I was feeling obnoxiously sober and I didn't want to be. And I sure as hell didn't feel like spending said sobriety with Daniel Lowe when he was being condescending and preachy.
Of course, he followed me. Because alone time was asking too much. “Danny. Please. Just give it a rest,” I pleaded, not above begging him to back off. My head was starting to hurt and my happy fun time was clearly over.
Now that Daniel and I were alone, I was starting to feel the mortification for my earlier behavior. I had been a little too obvious in my dislike for Kylie. Raging bitch isn't usually my color and I couldn't believe how easily I had worn it. My jealousy issues were getting a little out of hand and I knew if I didn't get it together, I would be in danger of losing one of my longest and most important friendships.
As much as I craved something more with Danny, the thought of losing him all together because of my snippy and bitchy attitude was heart crushing.
But that didn't mean I couldn't speak my mind. Because playing doormat Rachel was getting a little tiresome. “Look, I was trying to have a good time. Clay was trying to have a good time. What's the big deal?” I asked shortly, looking over at Daniel.
Daniel sighed. “Well, apparently he's a recovering alcoholic or drug addict or something. Maggie said he has a snarly history with that stuff.” Well crap, that made me feel like a complete and total jerk. Not that I knew about it, but still. Why didn't I just put a darn crack pipe in his mouth?

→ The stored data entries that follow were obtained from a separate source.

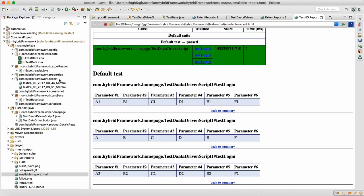We are now 99% ready with the framework. We have the data provider, reporting, test base, screen capture, and wait conditions. Now we need to start with the Selenium script. One thing missing is we need to add log4j logging as well as an event listener class, which will listen to your events and print whatever actions are performed in your emailed report HTML.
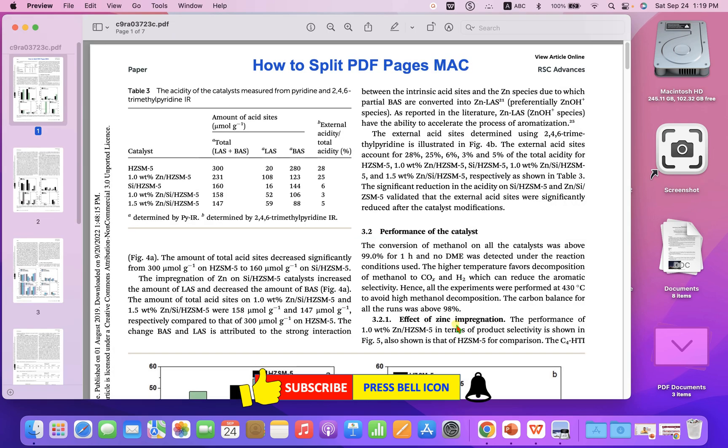Now, check out these useful videos shown on screen related to PDF on Mac. Click on that like button, comment below and let me know if this video solved your problem. And don't forget to subscribe and press the bell icon.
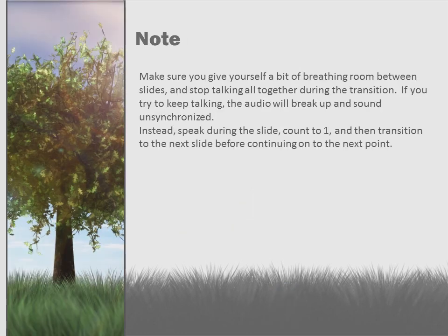Make sure you give yourself a minute of breathing room between each slide. As each slide ends up having an audio file all of its own, it will not transition properly from slide to slide if you attempt to keep talking between the two. So it's best to give yourself a one second delay after you finish speaking prior to transitioning to the next slide.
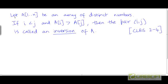Consider an array of size n with n distinct numbers. If you take two elements — the i-th element and the j-th element where i is less than j — and if the value of the i-th element is more than the value of the j-th element, then the pair is called an inversion of the array.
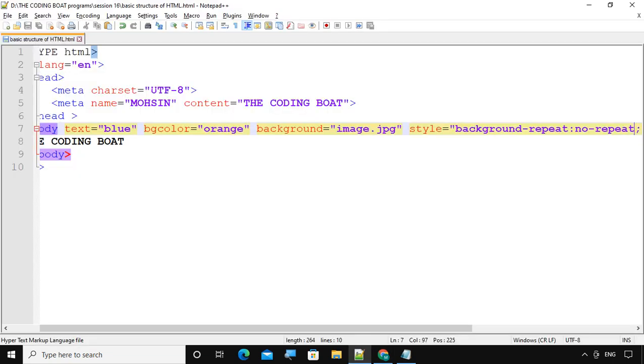So in this way we can create background color, set a background image, and set the name as per our requirement. Now the most important thing I need to discuss in this session is how to write tags related to HTML and how to write properties related to CSS. Observe carefully — if you understand this, it will be very helpful for you.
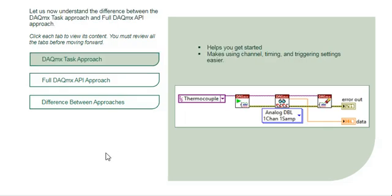The DAQmx task approach is intended to help you get started and to help simplify your initial ease of use and the channel, timing, and triggering settings, which are all contained in the DAQmx task.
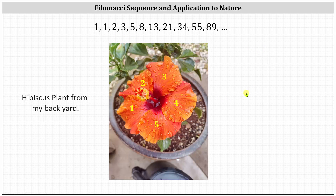I hope you'll take the time to go find some flowers, count the number of petals, and see if the number of petals is in the Fibonacci sequence. Thank you for watching!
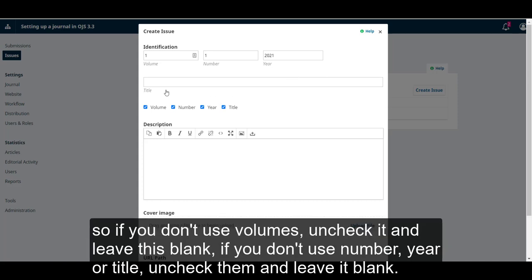So if you don't use volumes, uncheck it and leave this blank. If you don't use number, year, or title, uncheck them and leave it blank.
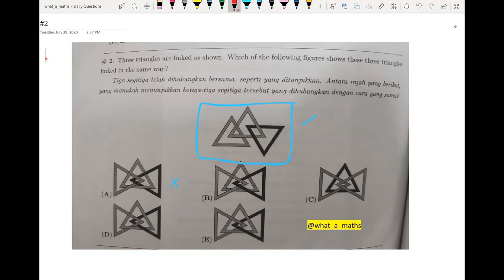Now we move to B. For B, the middle triangle is not linked to any of the triangles on the left and on the right. This is not correct because in the question, the two lighter shaded triangles are linked together, so B is not an option.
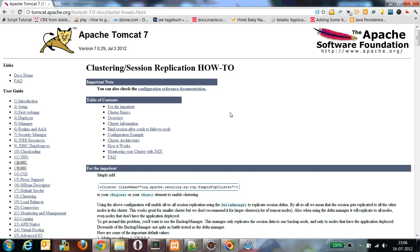Hi all. In my today's video cast, I will talk about clustering and load balancing of Tomcat servers.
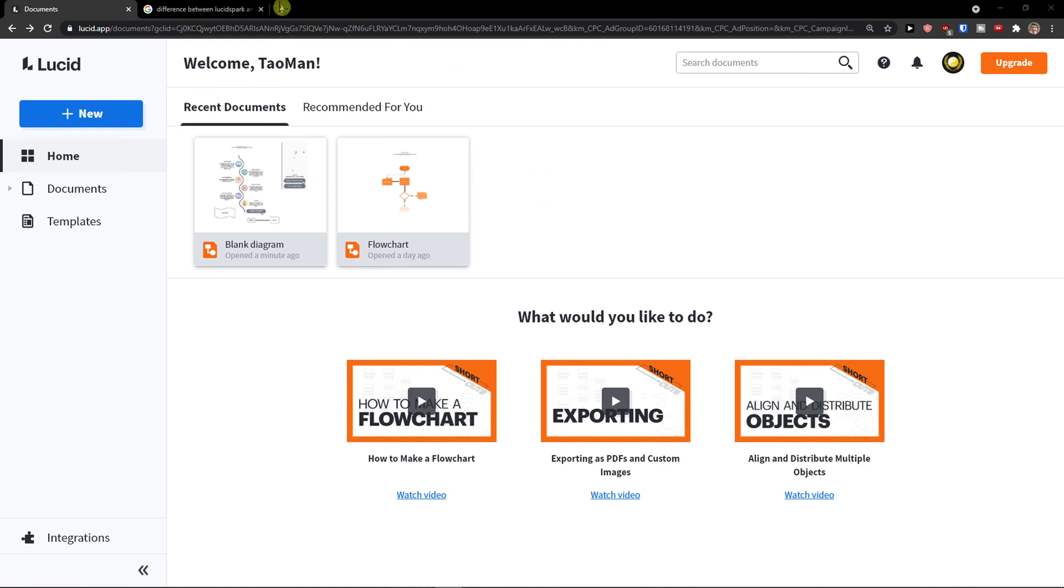Hey there guys, my name is Markus and in this video I'm going to show you how we can use Lucidchart. In this video I will show you the basic walkthrough and how we can use it.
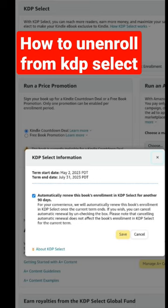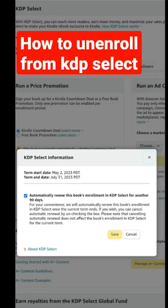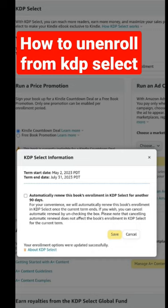So what you are going to do is just uncheck that box so that it is not going to automatically renew your book to KDP Select. Save that, because you cannot change the enrollment that is currently in progress. That's how you can deselect from KDP Select.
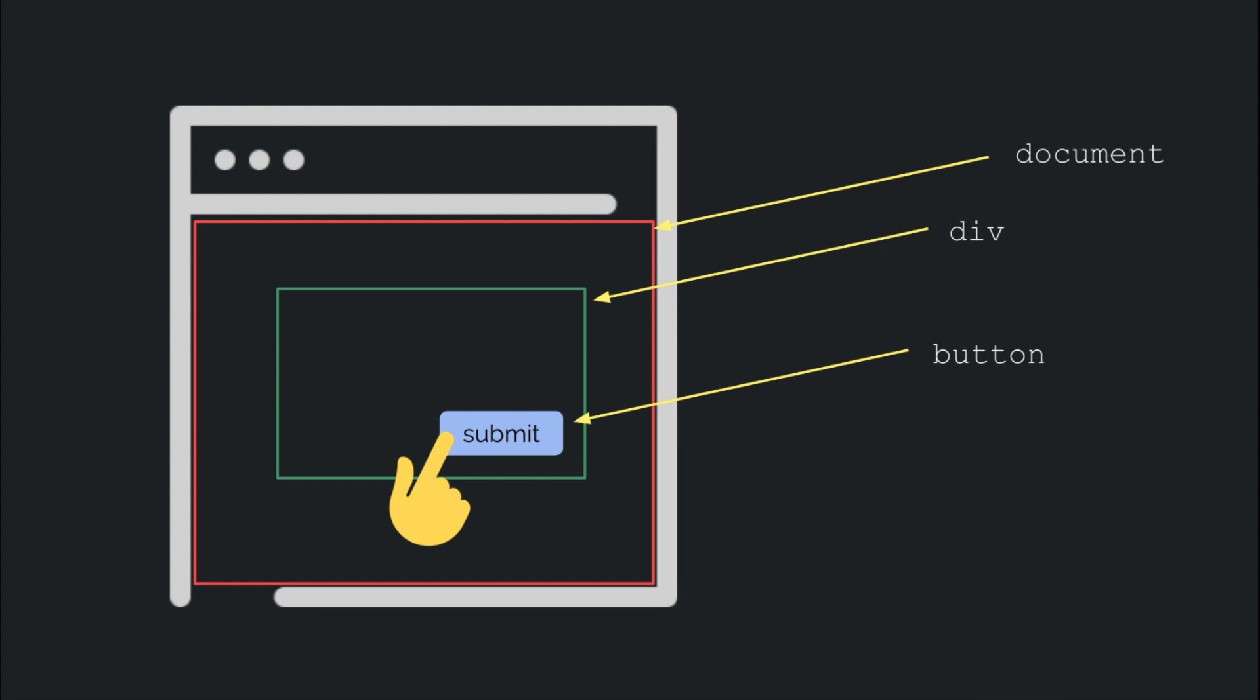Questions like, if we put handlers on all those entities, would all of them fire? What would the order be in which they get fired? Let's find answers to all of them.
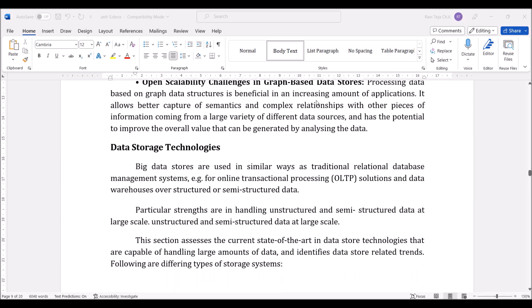Coming to the data storage technologies, big data stores are used in similar ways as traditional database management systems — for online transactional processing, data warehouses, or e-commerce sites. Some data like unstructured and semi-structured data can be handled at a large scale; these are also included in a particular large scale deployment.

“Well...jeesh,” I mumbled, sitting down heavily on the swing and began to pump my legs back and forth. Daniel dropped his head and sat down on the other swing, rocking himself a bit as I moved the swing at full force.
We didn't say anything for awhile and I finally slowed down until I was gently swaying beside him. “When did things get so screwed up?” I asked quietly, the sounds of the party seemed a million miles away. It was just Daniel and me and the multitude of unspoken things between us.

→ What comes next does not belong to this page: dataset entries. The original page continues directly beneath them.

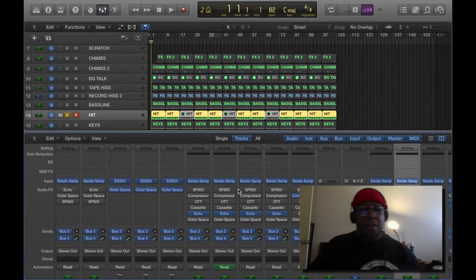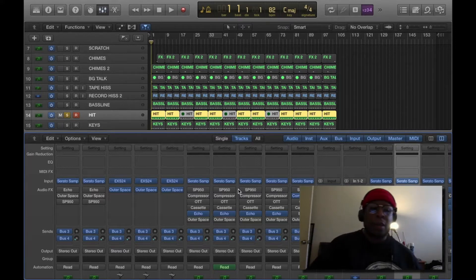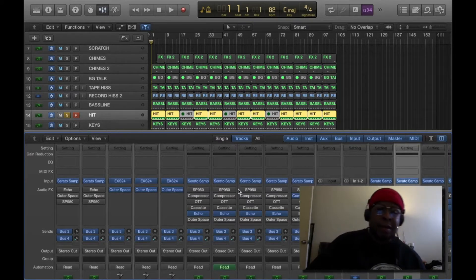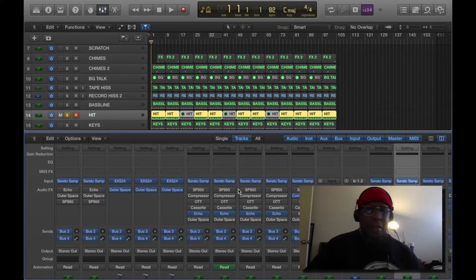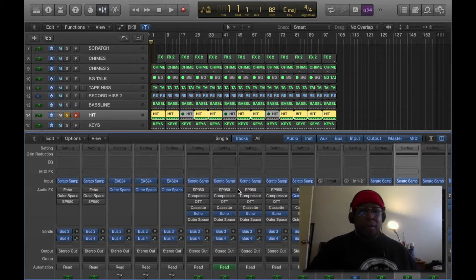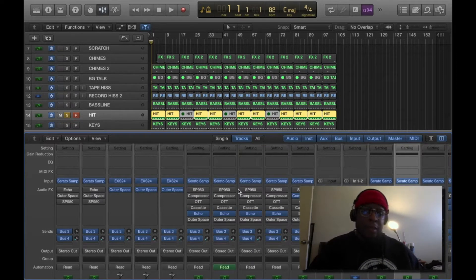What's up stars, it's your man Tony Tone back with another tutorial on the MPC2500. Before I start, please like, subscribe, and hit that bell notification so you don't miss another video.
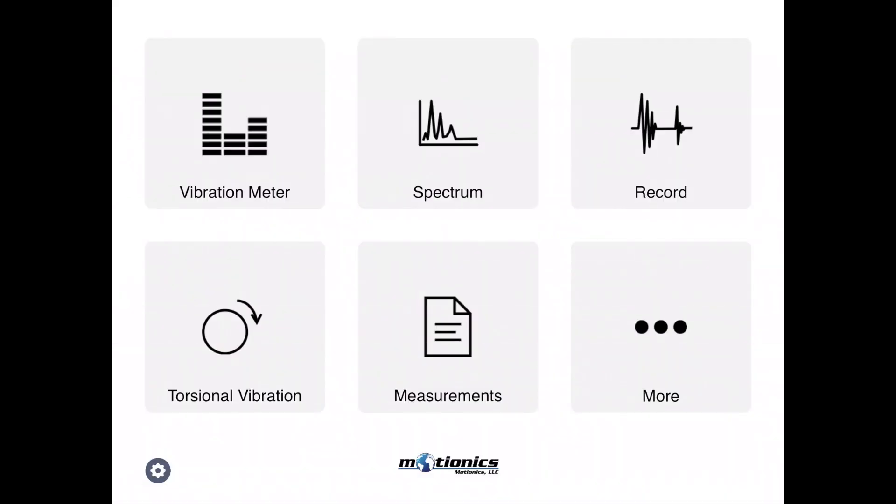Let's go to main menu again. These are the major features, the main features. And torsional vibration is something I'm not going to cover since we do not have the torsional vibration right now connected, and it's a more advanced feature I will cover in other videos.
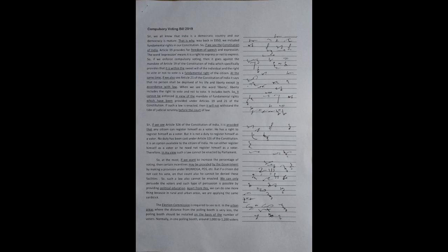Apart from this, we can do one more thing, because in rural and urban areas we are applying the same yardstick. The election commission is required to see it. In the urban areas where the distance from the polling booth is very less, the polling booth should be installed on the basis of the number of voters. Normally, in one polling booth, around 1,000 to 1,200 voters are there.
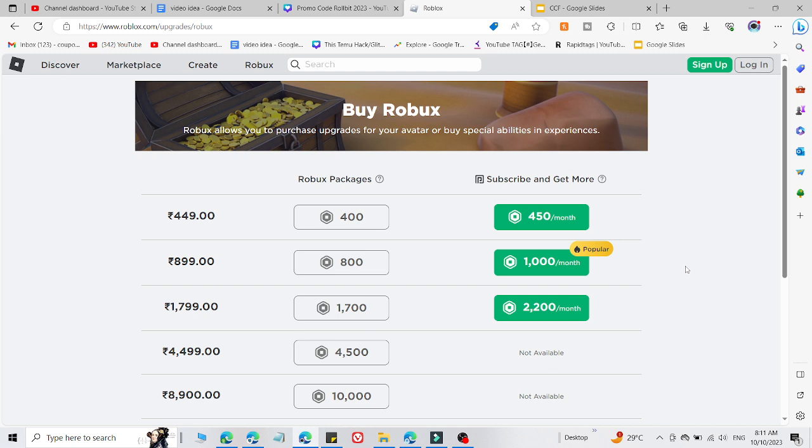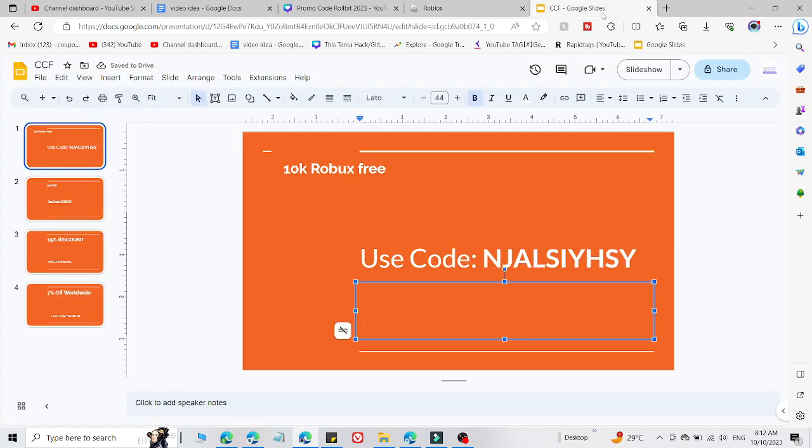So these are the codes which are working right now. If you're from any country you can use this code, and if it is not working, let me know in the comment section because these codes expire really fast. So here is code number first which you can use right now where you will get 10k.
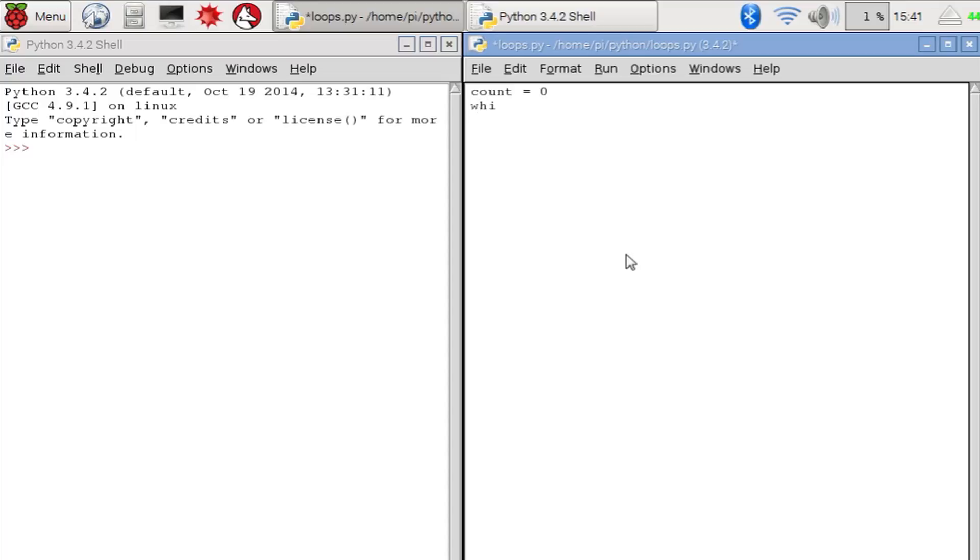Now we write our while statement. So we write while count is less than 5, and then a colon. Then after this we write what will happen in our loop.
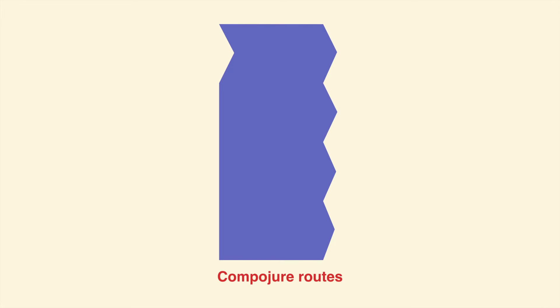Each angle on the right has a corresponding request method and URI. When a request comes in on the left, the methods and paths are tried in order until one matches. Then the request is routed through to the right.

Daniel let out a noisy breath. “Good question, Rach,” was all he said and we drifted into silence again. After a few more moments, he turned to look at me. “I'm an ass**le. I know that. I haven't always treated you the way you should be treated. And I'm sorry for that. But I really love you, Rachel. You and Mags are my best friends. If I've ever made you feel less than crucial to my life, I apologize. Because you are important to me. Actually important doesn't even cover it. You are fundamental to who I am. There is no Daniel Lowe without Rachel Bradfield.”
I felt tears burn the back of my throat and I had to blink them away before they rolled traitorously down my face.

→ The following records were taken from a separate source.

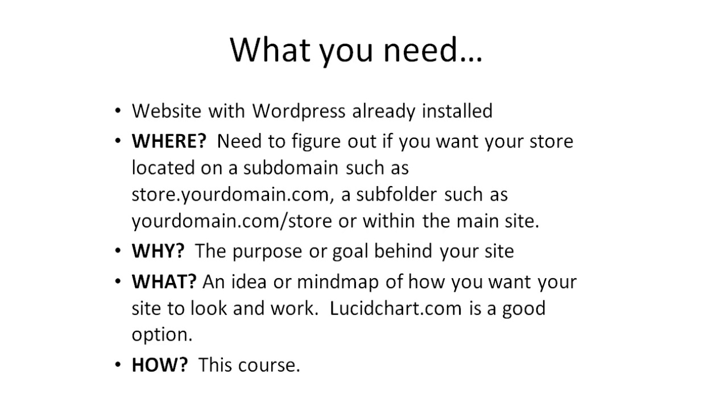So last but not least, the how is this video course. Now that you have a good idea of what you need before you can actually implement WooCommerce, let's jump in and talk about WooCommerce themes.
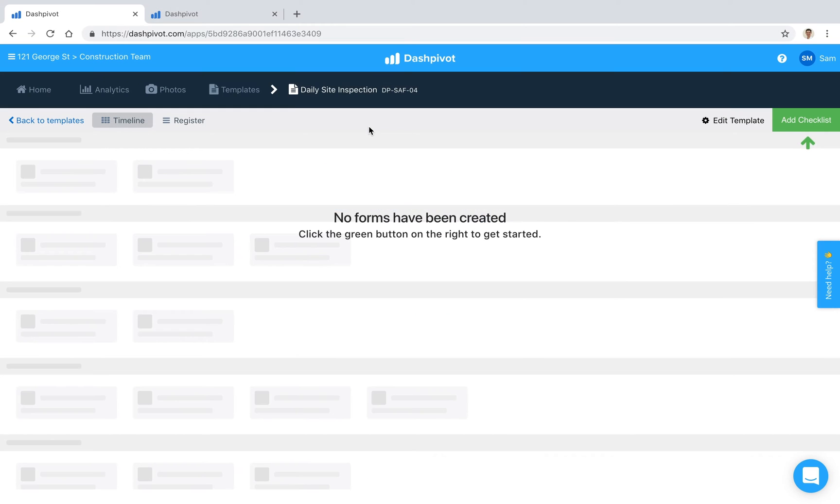Hi everyone, it's Sam from Sitemate. Checklists and inspections are an essential part of keeping worksite safe, demonstrating compliance and doing some auditing.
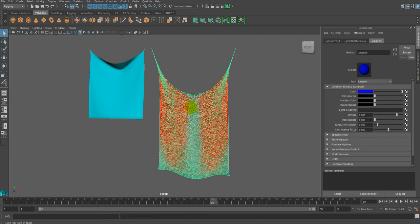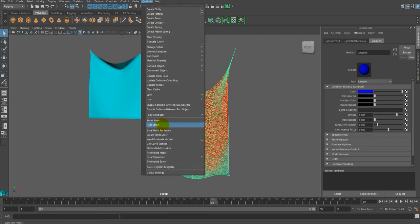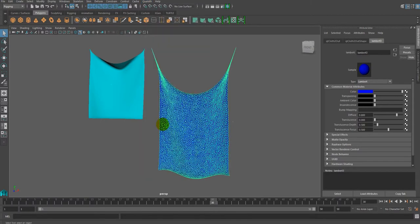If you need to hide it, select the cloth mesh and reapply the Hide Strain command in the cloth.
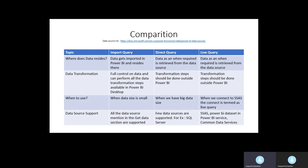The fourth comparison point is data source compatibility. All data sources that connect with Power BI support Import Query. Fewer data sources support Direct Query — SQL Server is one example. For Live Query, only three options are available: SSAS, a dataset in Power BI service, and CDS. The fifth point is performance: since Import Query stores data in Power BI, its performance is better compared to Direct Query and Live Query.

That was the thing about Danny. I could hate him so completely. Wish him a thousand painful deaths. But then he pulled out the big guns. Using that amazing sensitivity that was always there just below the surface to remind me of why I loved him so much in the first place. And while I truly wished his words were said in a “non-friend” way, I couldn't deny how wonderful they were all the same.